—Opinase ó dijese lo que quisiera. Es que yo no contaba con una complicación inesperada, con un suceso ridículo y fatal. Me he enamorado. Es una razón estúpida, convengo. No encuentro otra. Me he enamorado. No creas que así de broma. Me he enamorado tanto, que comprendo que, en bastante tiempo, no podré resignarme á la vida. ¡Tú serás capaz de extrañarlo! No lo extrañes, Lina.—suspiró con pena romántica.—¡Tú no te has dado cuenta de tu valer! Inteligencia, cultura, alma, belleza... Todo, todo, reunido por mi mala suerte en una mujer singular, que ha resuelto...
—Pero si yo...
—Tú, tú... Tú me permites... que me abrase... Ahí está lo que me permites... Tu compañía, tu amistad, la perspectiva de un enlace... Verte incesantemente, andar juntos y solos por estos sitios que convidan á querer... Yo no soy un fenómeno, yo soy un hombre... ¡Cómo ha de ser! Al separarme de tí, destruyo un gran porvenir, el porvenir de los dos; era algo espléndido... Pero estoy en esa hora en que se arroja por la ventana, no digo el interés, ¡la existencia! Comprendo que procedo en desesperación. No es culpa mía.

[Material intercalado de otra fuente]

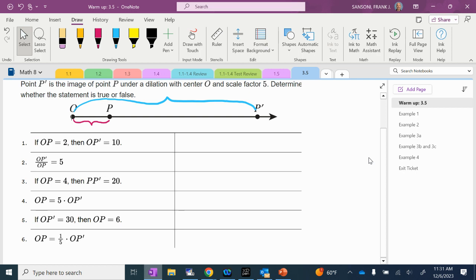Okay, here we go. Here's your warm-up. We're going to do this verbally. You don't have to write anything down. You just have to look, and I'll sort of guide you through this, and we have to answer whether it's true or false based off of the picture that they show us up top.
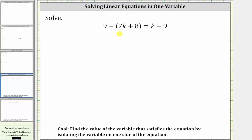We want to solve the given equation, which means we want to find the value of the variable k that satisfies the equation or makes the equation true. To do this, we need to isolate the variable k on one side of the equation.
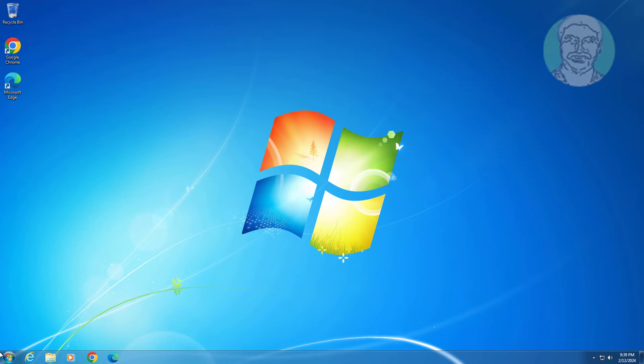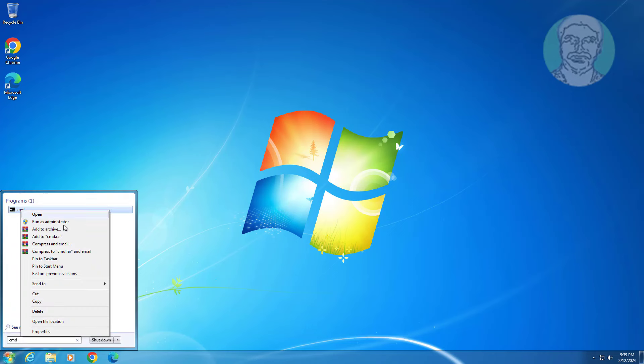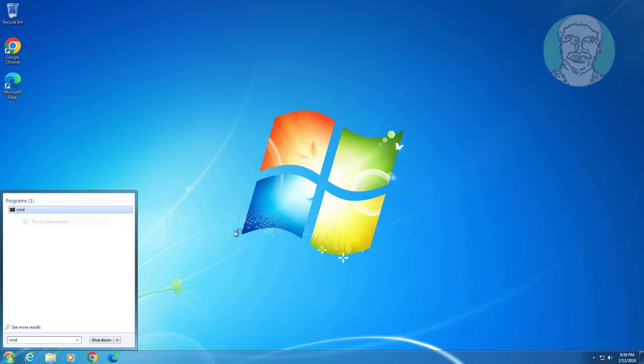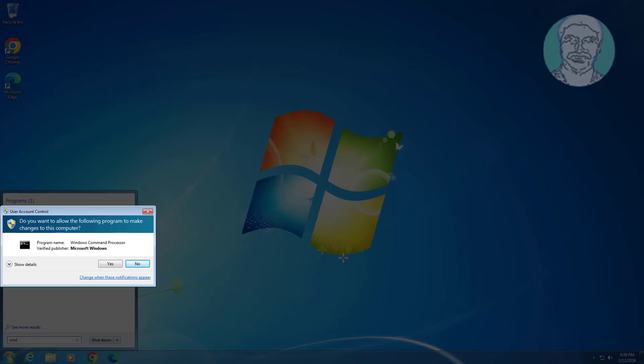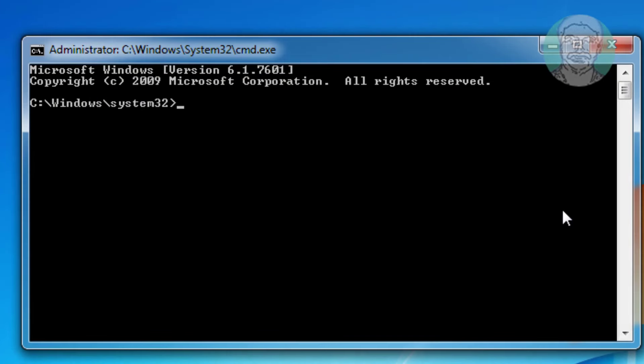Type CMD in the Windows search bar, right-click and run as administrator. Then type SLMGR -REARM and press Enter.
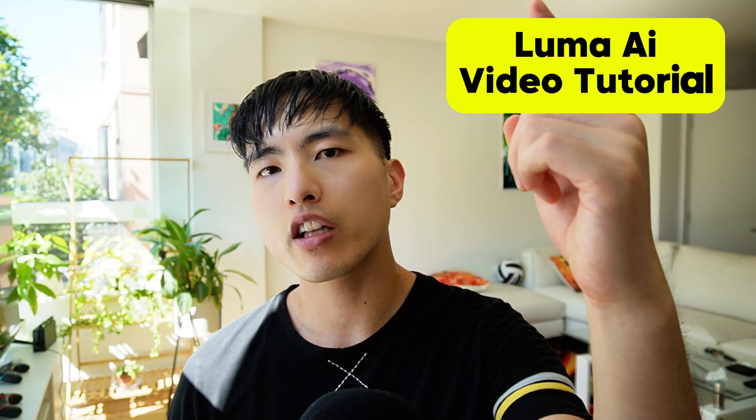I hope you enjoyed this tutorial. If you want to learn more about how to use Luma AI to animate your characters and bring them to life, go and take a look at this tutorial I made over here.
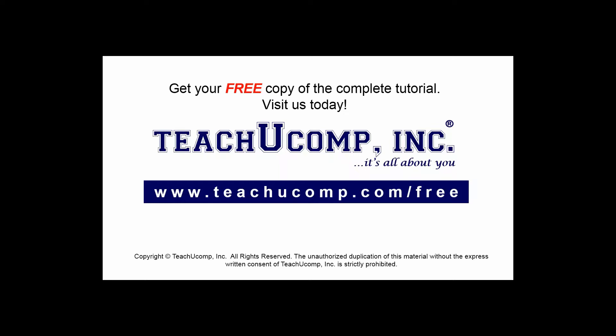Get your free copy of the complete tutorial at www.teachucomp.com/free.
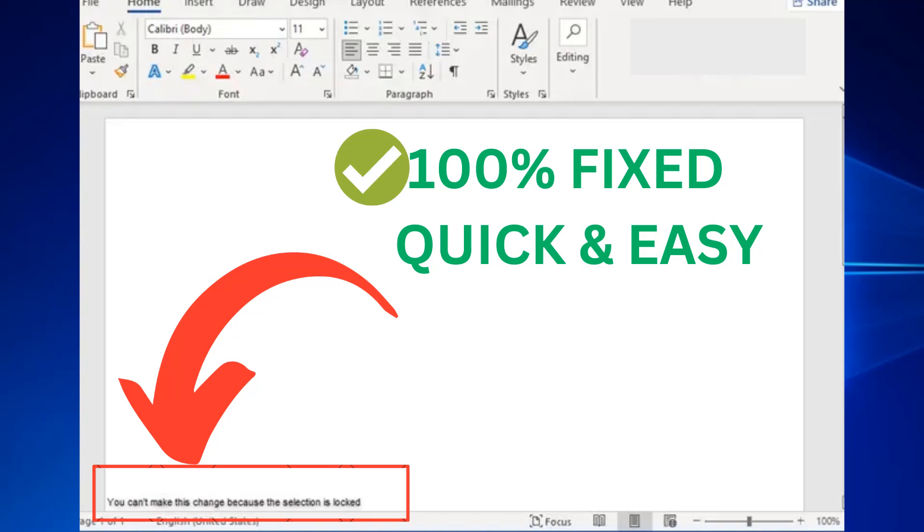Hello everyone, welcome to the channel. The error you can see on the screen says you can't make this change because the selection is locked in Word, Excel, and any other file in Windows—any machine, Windows 10, 11, 7, or 8.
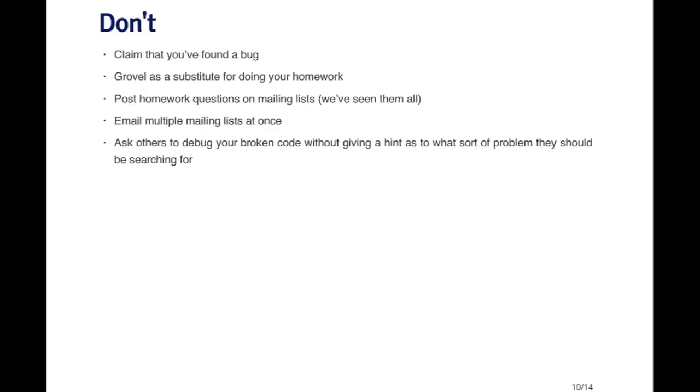A couple of things you definitely do not want to do when posting to a forum. You don't want to claim that you found a bug. This happens all the time, and usually I'd say 99 times out of 100, it's not a bug. It's just a misunderstanding about what should have happened, a mistake in the expectations of the user. Groveling as a substitute for doing your homework is not usually looked well upon, and you definitely shouldn't do that. Definitely don't want to post homework questions onto mailing lists or forums. The reason is because people who write the homework questions are reading those mailing lists and will be able to identify all homework questions without a doubt. We've seen them all. Don't bother trying to get the answers to your homework on mailing lists.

Me detuve, y le hice señas de que se calmase y escuchase. El lago rebrillaba bajo un sol tibio. Me senté en el parapeto. Hice señas á Agustín de que se sentase también.
—¿Era una pasión, lo que se dice una pasión? ¿La pasión se manifestaba así? ¿Se limitaba la pasión á estas llamaradas? ¿O sería él capaz, por mí, de sacrificios, de abnegaciones?
—De todo... ¡Hasta qué punto! No lo dudarías si comprendieses cuán diferente eres de las demás... Te rodea un ambiente especial, tuyo, que ninguna otra mujer tiene... ¡Ah! ¿Sacrificios, dices? Lo repito en serio: ¡La vida! ¡La herida está muy adentro!
—Siendo así... ¿Pero mira bien si es así?... ¡Cuidado, Agustín, cuidado!
—¡Así es! Ojalá no fuese.
VI
Y dispusimos la boda. Se escribió para los papeles indispensables. Permaneceríamos en Ginebra hasta mediados de Septiembre, mientras se arreglaba todo. Nos casaríamos en París.